- Born: 1963 (age 62–63)
- Education: Dartmouth College University of California, Berkeley Columbia University
- Occupation: Writer
- Writing career
- Notable works: Church of Spies: The Pope's Secret War Against Hitler Wedge - The Secret War between the FBI and CIA

= Mark Riebling =

American author (born 1963)

Mark Riebling (born 1963) is an American author. He has written two books: Wedge: The Secret War between the FBI and CIA and Church of Spies: The Pope's Secret War Against Hitler.

== Education ==
Riebling did graduate work in political philosophy at Columbia University, studied English at Dartmouth College, and majored in philosophy at the University of California at Berkeley.

== Career ==
From 2001 to 2010 Riebling served as editorial director at the Manhattan Institute and directed its book program. Previously he had worked as a book editor in the Adult Trade Division at Random House.

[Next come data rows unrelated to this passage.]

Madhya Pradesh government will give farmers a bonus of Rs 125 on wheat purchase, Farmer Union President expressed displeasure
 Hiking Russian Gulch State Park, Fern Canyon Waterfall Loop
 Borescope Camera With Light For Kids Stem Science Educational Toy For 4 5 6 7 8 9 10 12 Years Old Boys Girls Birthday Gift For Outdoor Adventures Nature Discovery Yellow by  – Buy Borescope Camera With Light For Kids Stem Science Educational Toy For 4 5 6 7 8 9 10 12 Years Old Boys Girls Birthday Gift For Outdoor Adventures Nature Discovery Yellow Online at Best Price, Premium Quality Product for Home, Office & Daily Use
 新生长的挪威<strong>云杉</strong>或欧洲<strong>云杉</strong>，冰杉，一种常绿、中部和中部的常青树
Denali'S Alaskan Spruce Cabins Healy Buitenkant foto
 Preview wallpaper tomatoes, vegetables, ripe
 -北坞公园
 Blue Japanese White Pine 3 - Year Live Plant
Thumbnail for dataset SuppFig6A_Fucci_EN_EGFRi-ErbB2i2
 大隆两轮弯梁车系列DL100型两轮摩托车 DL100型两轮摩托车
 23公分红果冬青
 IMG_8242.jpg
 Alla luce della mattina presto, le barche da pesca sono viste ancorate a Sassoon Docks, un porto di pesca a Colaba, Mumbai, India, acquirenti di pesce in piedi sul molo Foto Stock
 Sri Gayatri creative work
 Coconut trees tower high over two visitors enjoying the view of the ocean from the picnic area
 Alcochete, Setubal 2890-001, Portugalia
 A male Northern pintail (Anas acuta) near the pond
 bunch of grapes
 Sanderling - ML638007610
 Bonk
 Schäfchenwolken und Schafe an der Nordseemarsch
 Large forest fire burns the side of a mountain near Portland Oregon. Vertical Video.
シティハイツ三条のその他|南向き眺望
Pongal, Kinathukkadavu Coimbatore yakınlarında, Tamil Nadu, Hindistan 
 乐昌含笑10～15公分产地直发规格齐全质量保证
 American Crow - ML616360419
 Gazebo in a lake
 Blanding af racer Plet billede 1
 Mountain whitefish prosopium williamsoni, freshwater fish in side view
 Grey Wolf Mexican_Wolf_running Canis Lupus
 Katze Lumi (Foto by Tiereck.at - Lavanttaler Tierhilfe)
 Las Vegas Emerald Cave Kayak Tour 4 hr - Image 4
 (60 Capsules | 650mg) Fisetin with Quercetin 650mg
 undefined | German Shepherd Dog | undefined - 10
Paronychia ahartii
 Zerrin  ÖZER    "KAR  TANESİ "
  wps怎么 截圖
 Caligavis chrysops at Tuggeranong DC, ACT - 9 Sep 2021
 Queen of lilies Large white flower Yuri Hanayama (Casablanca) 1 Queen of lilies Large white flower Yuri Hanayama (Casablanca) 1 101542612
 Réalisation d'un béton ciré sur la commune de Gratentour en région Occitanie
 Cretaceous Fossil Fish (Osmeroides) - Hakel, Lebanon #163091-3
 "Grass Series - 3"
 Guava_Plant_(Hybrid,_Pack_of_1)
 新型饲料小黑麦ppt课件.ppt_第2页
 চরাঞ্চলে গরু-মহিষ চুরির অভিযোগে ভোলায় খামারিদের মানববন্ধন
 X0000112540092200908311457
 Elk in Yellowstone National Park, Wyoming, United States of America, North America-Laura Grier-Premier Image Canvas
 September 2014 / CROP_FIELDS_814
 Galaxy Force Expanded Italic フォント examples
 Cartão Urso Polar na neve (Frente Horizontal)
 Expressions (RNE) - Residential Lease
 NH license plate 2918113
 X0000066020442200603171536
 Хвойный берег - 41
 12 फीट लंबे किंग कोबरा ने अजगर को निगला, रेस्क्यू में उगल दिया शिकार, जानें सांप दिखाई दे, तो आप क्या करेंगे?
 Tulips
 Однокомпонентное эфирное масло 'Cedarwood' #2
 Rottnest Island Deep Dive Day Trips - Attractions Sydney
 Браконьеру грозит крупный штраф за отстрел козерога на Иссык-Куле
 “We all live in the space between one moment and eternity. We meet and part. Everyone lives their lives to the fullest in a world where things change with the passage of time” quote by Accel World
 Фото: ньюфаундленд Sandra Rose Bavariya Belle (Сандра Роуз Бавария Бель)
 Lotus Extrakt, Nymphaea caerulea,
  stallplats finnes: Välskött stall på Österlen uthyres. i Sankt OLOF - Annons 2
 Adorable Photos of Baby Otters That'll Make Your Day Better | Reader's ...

From 2002 to 2006 Riebling served as Research Director for the Center for Policing Terrorism, which partnered with LAPD Chief William Bratton to create and administer the National Counter Terrorism Academy. The center also reportedly provided analytical support to NYPD Deputy Commissioner David Cohen, a former CIA Deputy Director for Operations. In his 2008 book, Crush the Cell, NYPD Deputy Commissioner for Counter Terrorism Michael A. Sheehan wrote that the center "provided a team of intelligence analysts that supported our work with timely and accurate reports on fast-breaking issues".

==Influence==
Riebling's analysis of security failures influenced post-911 intelligence reforms. Andrew C. McCarthy, the deputy U.S. attorney who prosecuted the 1993 World Trade Center bombing, wrote in The Wall Street Journal in 2006 that "Riebling's analysis has now become conventional wisdom, accepted on all sides. Such, indeed, is the reasoning behind virtually all of the proposals now under consideration by no fewer than seven assorted congressional committees, internal evaluators, and blue-ribbon panels charged with remedying the intelligence situation."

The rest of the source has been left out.